TASK REQUIREMENTS: Copy exactly, and only, the lines from the one with "A silver-toned metal" to the end of the listing; omit pictures.

DATA PROVIDED:
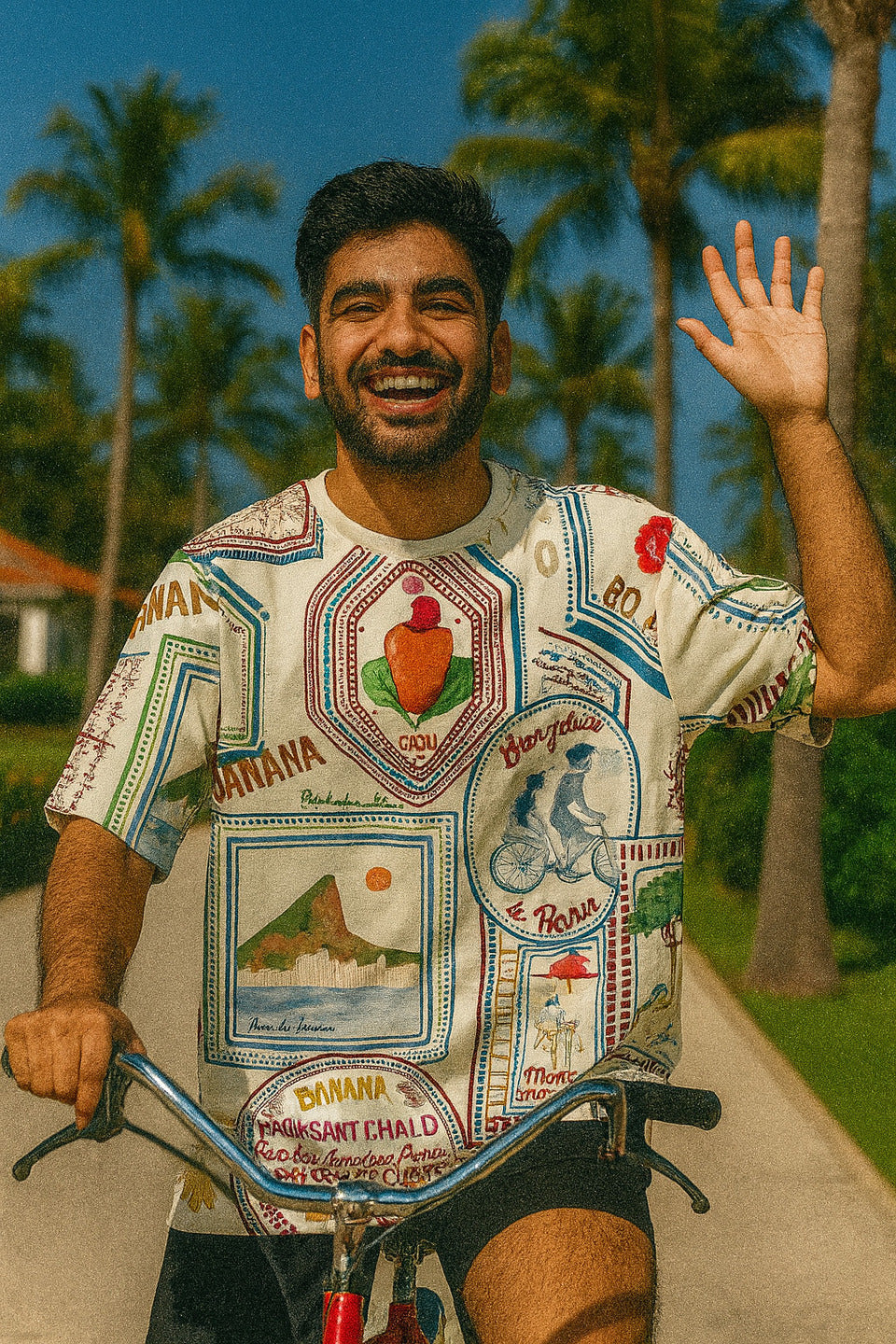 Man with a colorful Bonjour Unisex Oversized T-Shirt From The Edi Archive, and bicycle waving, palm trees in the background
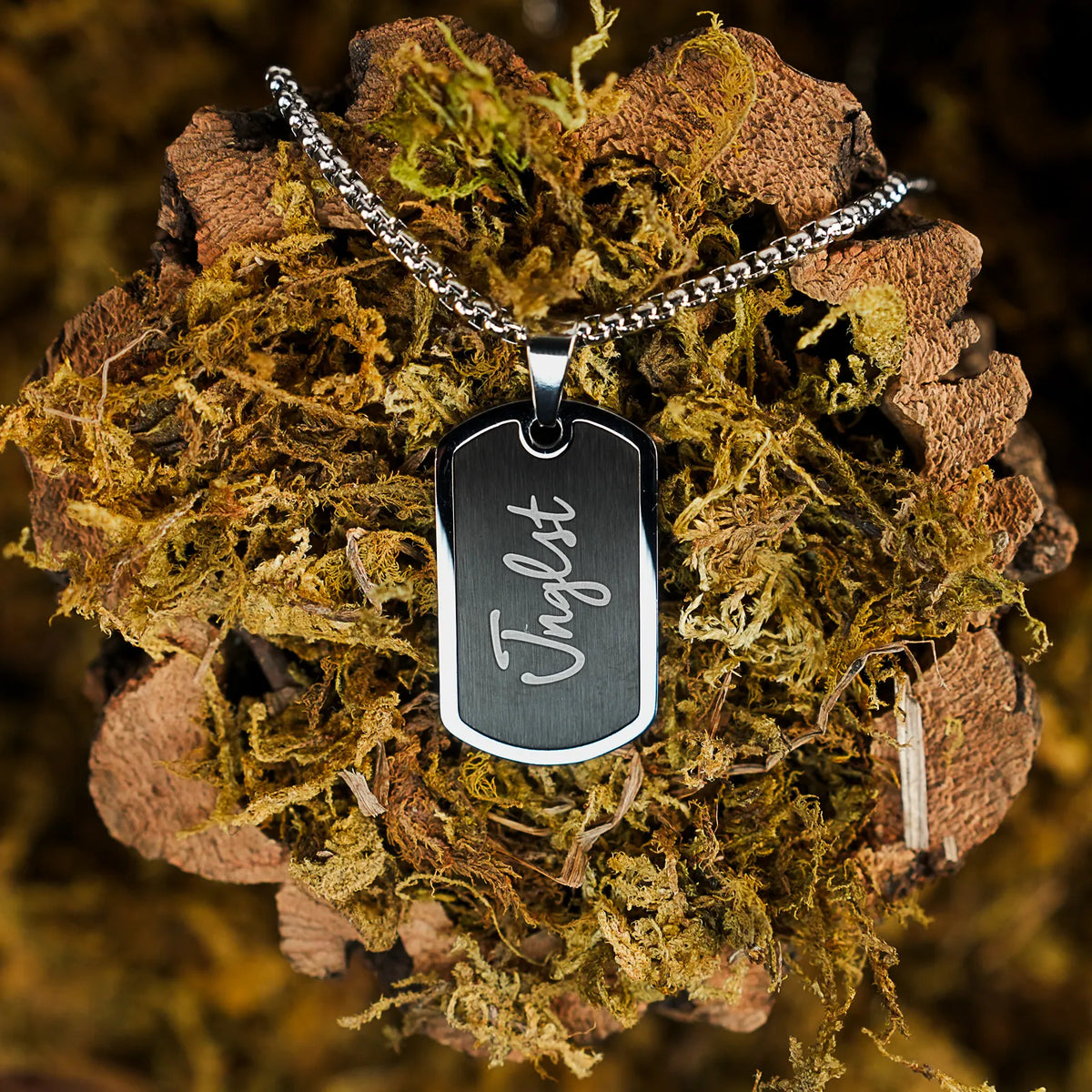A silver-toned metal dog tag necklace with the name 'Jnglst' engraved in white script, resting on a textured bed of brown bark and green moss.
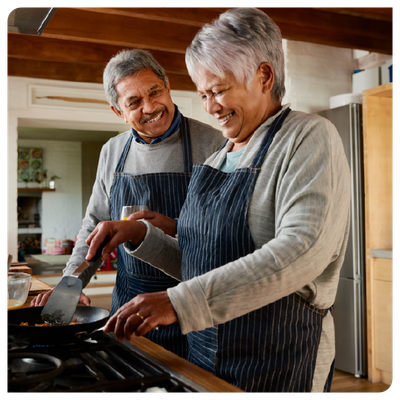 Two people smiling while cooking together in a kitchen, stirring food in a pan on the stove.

SOLVED EXERCISE:
A silver-toned metal dog tag necklace with the name 'Jnglst' engraved in white script, resting on a textured bed of brown bark and green moss.
 Two people smiling while cooking together in a kitchen, stirring food in a pan on the stove.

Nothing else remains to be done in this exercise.